INFORMATION PROVIDED
- - - - - - -

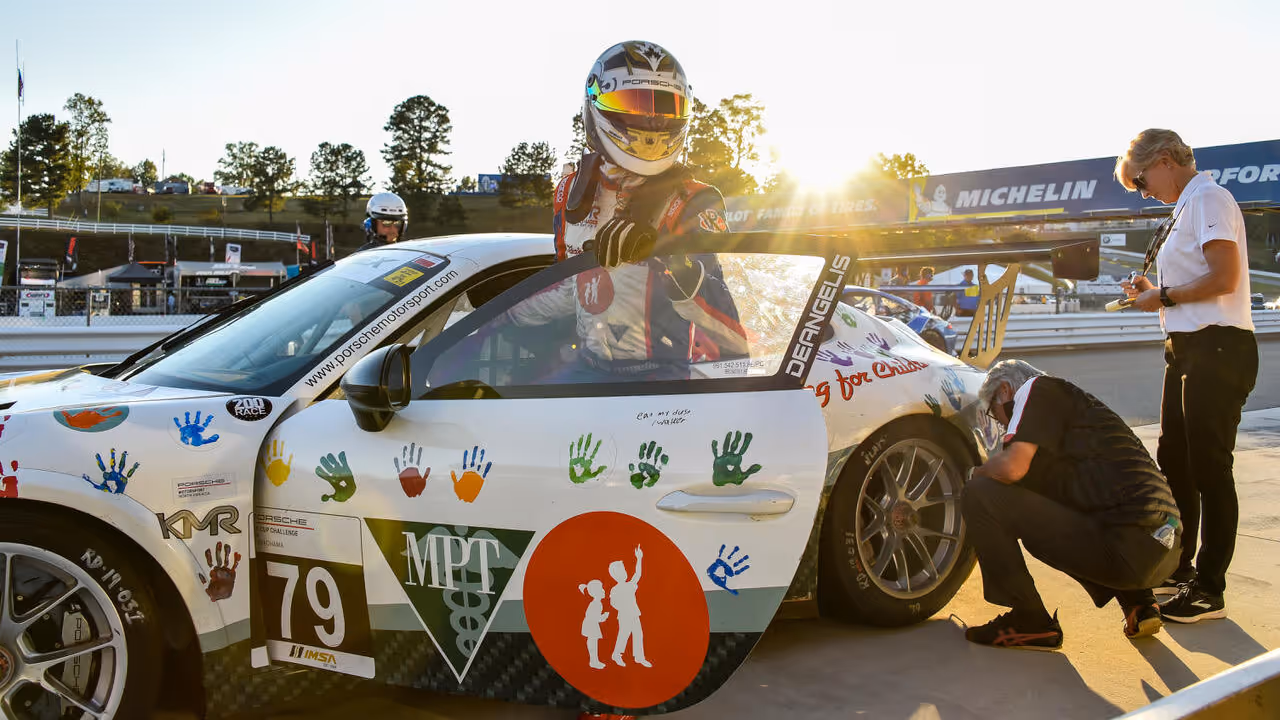 Kellymoss race driver stepping out of a Porsche race car, representing expanded visibility for diverse drivers in motorsports.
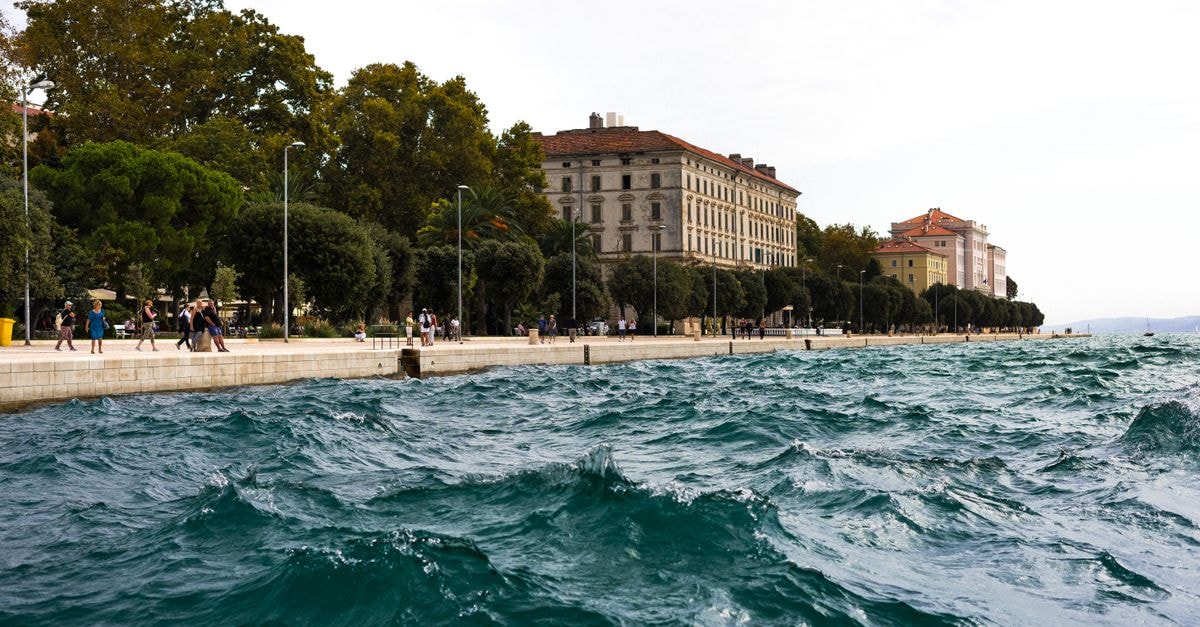 Waves crashing against a scenic coastal promenade lined with trees and historic buildings.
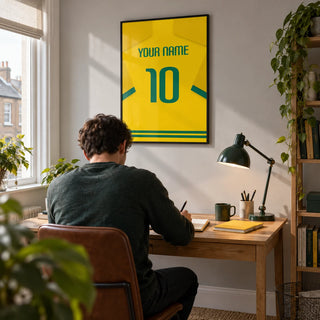 Football Shirt Poster in Yellow with Green Number, framed on the wall of a bright home study for a young adult football fan (22-30) in a UK terrace with a pale grey wall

- - - - - - -

THE TASK
Return exactly the lines that begin with the one containing "Waves crashing against" and end with the final line of the data above; include no pictures.

RESULT OF THIS EXERCISE
 Waves crashing against a scenic coastal promenade lined with trees and historic buildings.
 Football Shirt Poster in Yellow with Green Number, framed on the wall of a bright home study for a young adult football fan (22-30) in a UK terrace with a pale grey wall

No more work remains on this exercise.